A Polícia Civil do Rio de Janeiro deflagrou, nesta sexta-feira (29), uma operação contra o braço financeiro do Comando Vermelho. A investigação revelou uma sofisticada estrutura voltada à lavagem de dinheiro do tráfico de drogas, principalmente no Complexo do Salgueiro, em São Gonçalo. Ao todo, o esquema movimentou mais de R$ 453 milhões.
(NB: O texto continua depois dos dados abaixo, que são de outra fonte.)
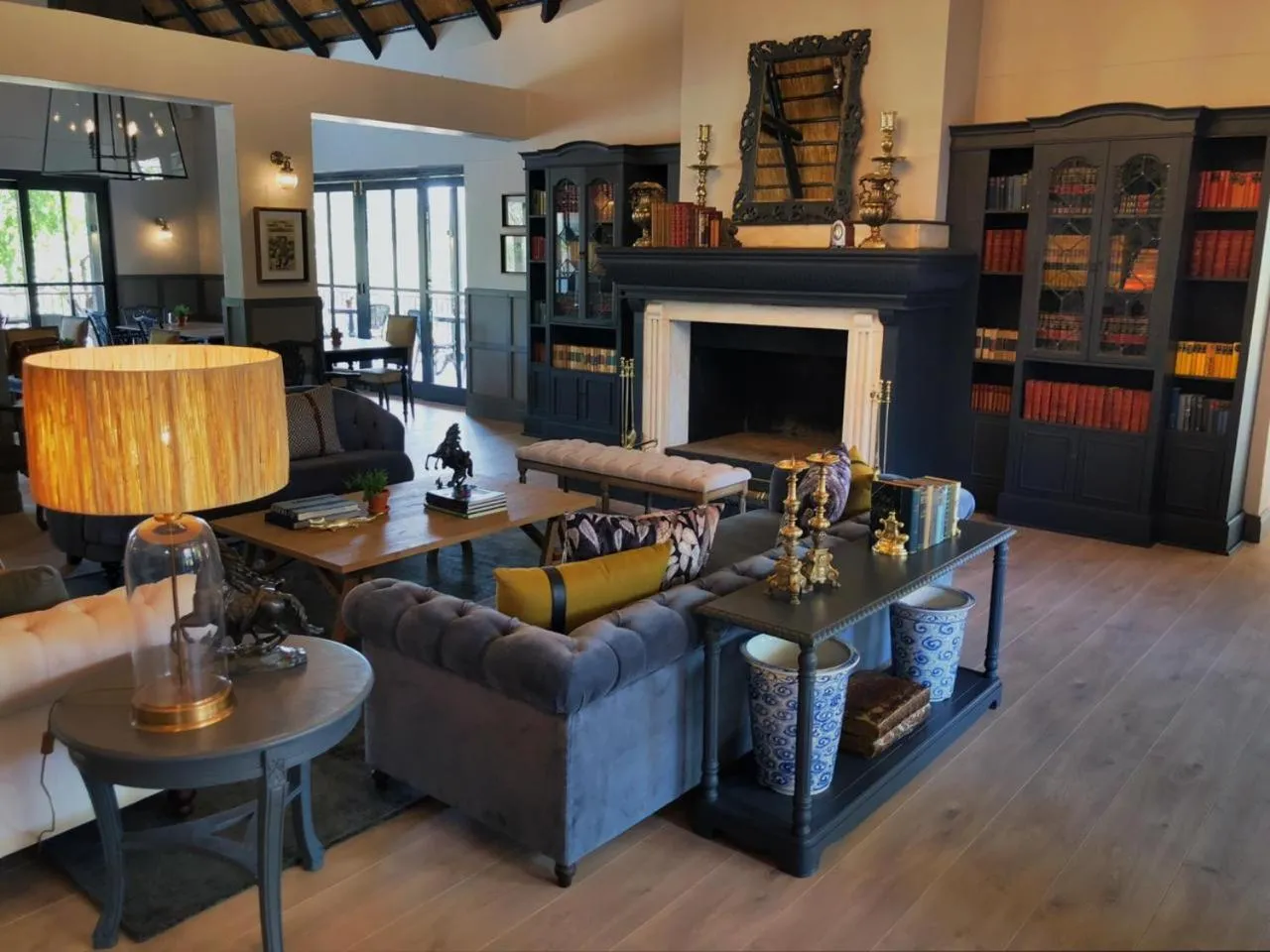 Seating area in Anantara Stanley & Livingstone Victoria Falls Hotel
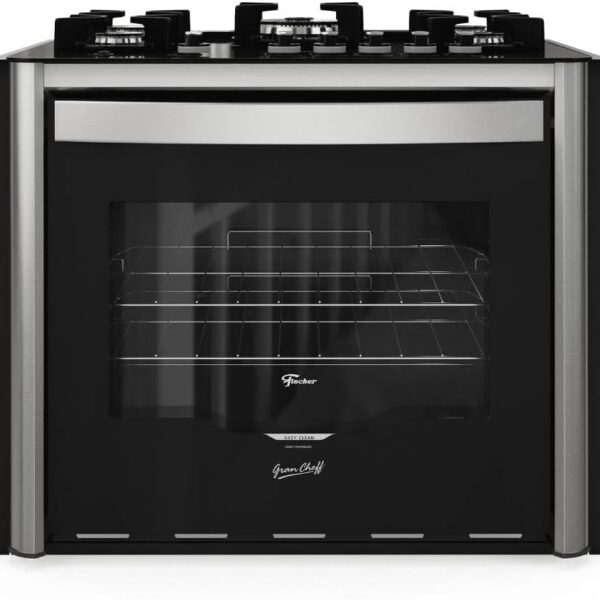 Fogão de Embutir Fischer 5 Bocas Gran Cheff com Tripla Chama e Dourador para assar, gratinar e aquecer com praticidade.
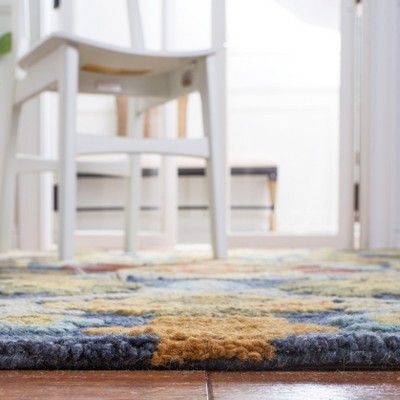 Handmade Navy Wool Runner Rug with Floral Pattern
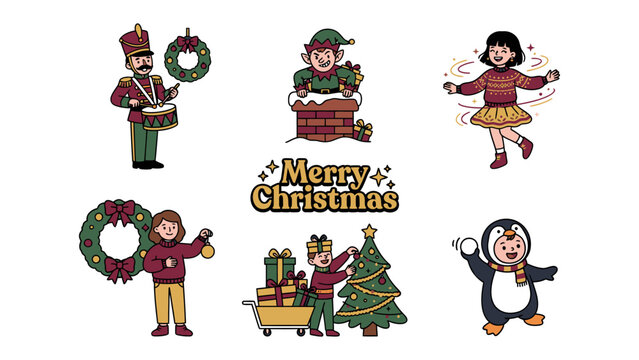 Christmas Celebration Icons: A collection of festive Christmas icons, including a toy soldier, elf, dancing girl, child with ornament, tree decorating scene, and a cheerful penguin.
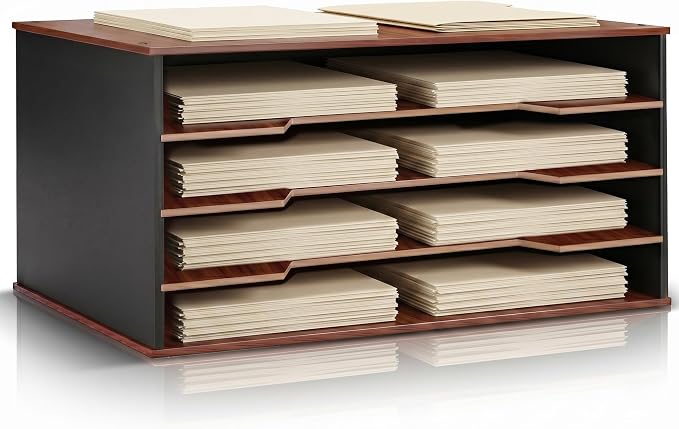 12x18 Construction Paper Organizer, 4-Tier Wooden Flat File for 11x17, A3 & Tabloid Sheets | Durable wood Desk Paper Storage for Classroom, Office & Art Studio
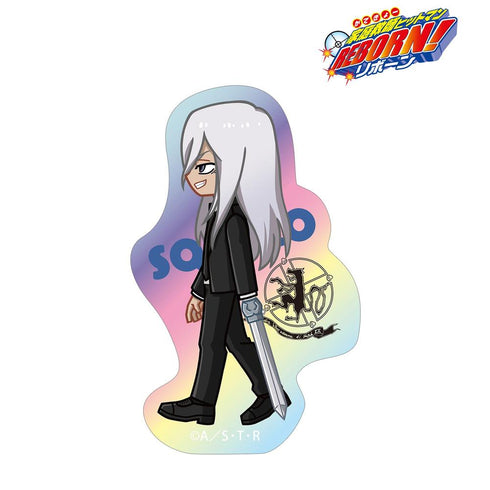 『家庭教師ヒットマンREBORN!』スペルビ・スクアーロ(10年後) ちびとこ オーロラダイカットステッカー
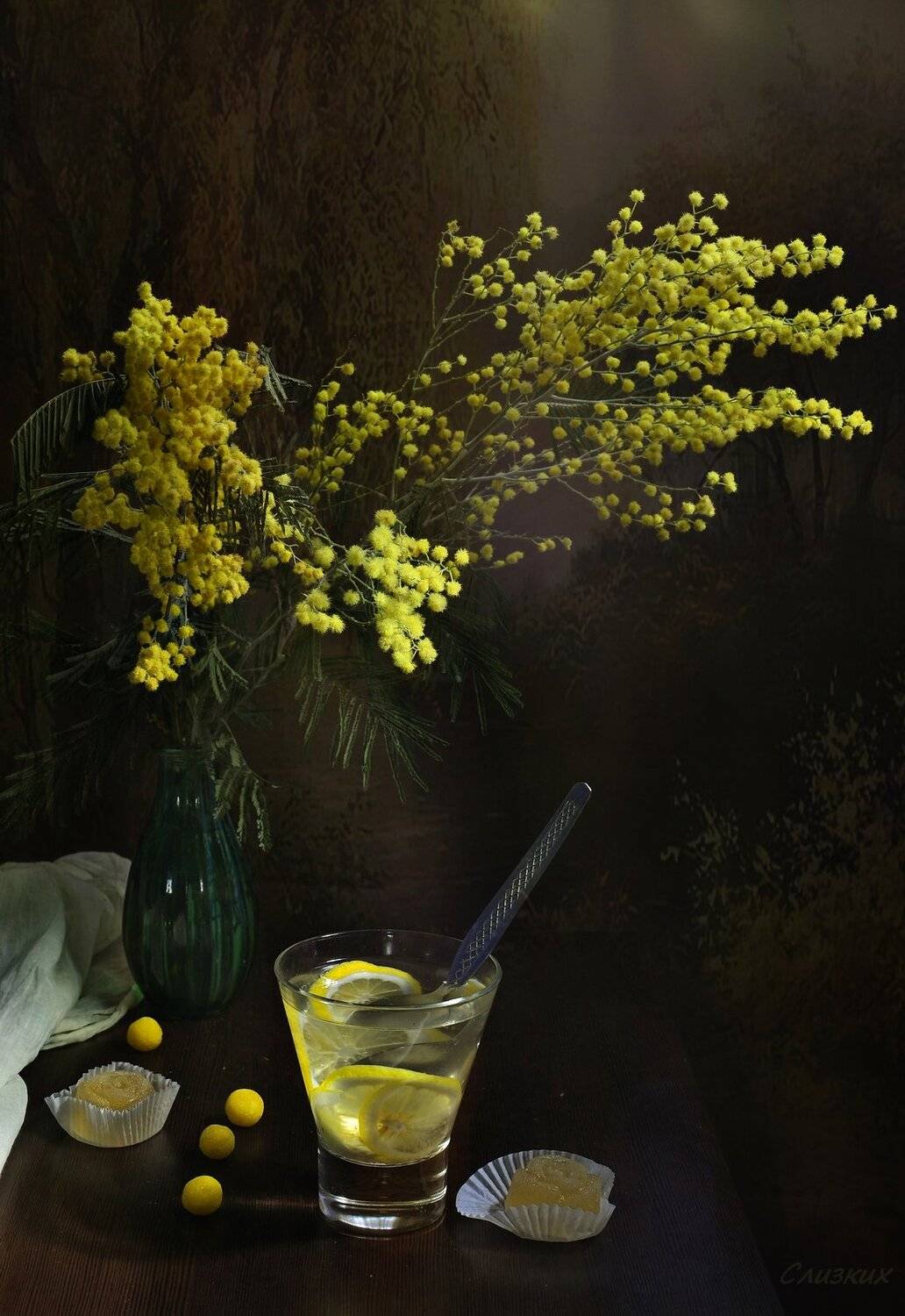 натюрморт,композиция,свет,весна,букет,мимоза,лимон, Инаида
As ações ocorrem simultaneamente em diversos municípios do estado do Rio, como a capital, São Gonçalo, Duque de Caxias, Itaboraí, Iguaba Grande, Armação dos Búzios e São João de Meriti. Também são cumpridos mandados em outros estados, incluindo cidades de São Paulo, Paraná, Minas Gerais, Mato Grosso do Sul e Maranhão. Até o momento, 26 criminosos foram presos.
A operação é resultado de mais de um ano de investigação, que identificou uma estrutura criminosa com atuação interestadual voltada à lavagem de dinheiro para a facção.
Durante os trabalhos, os agentes captaram diálogos envolvendo Antônio Ilário Ferreira, conhecido como “Rabicó”, apontado como uma das lideranças do CV, e o principal operador financeiro da facção. Segundo a apuração, ele era responsável pela lavagem de dinheiro, gerenciamento de empresas de fachada, movimentações bancárias e utilização de terceiros para ocultar patrimônio e valores ilícitos.
As diligências apontaram que o investigado atuava como verdadeiro gestor financeiro da organização criminosa. O esquema utilizava empresas de reciclagem e ferros-velhos, contas bancárias de passagem, depósitos fracionados em espécie, emissão de notas fiscais falsas e intensa movimentação financeira entre empresas ligadas ao grupo para conferir aparência de legalidade aos recursos oriundos do tráfico.
A investigação identificou ainda que empresas do ramo de reciclagem e comércio de sucatas transferiam milhões de reais diretamente para contas do investigado e de empresas controladas por ele, funcionando como engrenagens de financiamento do narcotráfico. Os investigadores também apuraram indícios de receptação qualificada, aquisição de materiais de origem suspeita e pulverização de recursos em diversas contas bancárias para dificultar o rastreamento dos valores.
“Os valores movimentados pelo esquema foram identificados a partir de Relatórios de Inteligência Financeira (RIF/COAF), análises bancárias, afastamentos de sigilos fiscal, telefônico e telemático, além de cruzamentos de dados financeiros e patrimoniais realizados ao longo da investigação”, explicou a Delegacia de Repressão a Entorpecentes da Capital (DRE-CAP).
CV como organização terrorista
A operação ocorre um dia após os Estados Unidos classificarem o Comando Vermelho e o Primeiro Comando da Capital (PCC) como organizações terroristas. Em comunicado, o Departamento de Estado afirmou que as facções são consideradas "brutais" e que atuam além das fronteiras do Brasil.
A medida entrará em vigor em 5 de junho. A partir desta data, os grupos serão incluídos na lista de “Terroristas Globais Especialmente Designados” (SDGT, na sigla em inglês). Na prática, membros das facções, instituições e pessoas ligadas ao PCC e CV passam a ser sancionadas e terão contas ativos e bens bloqueados.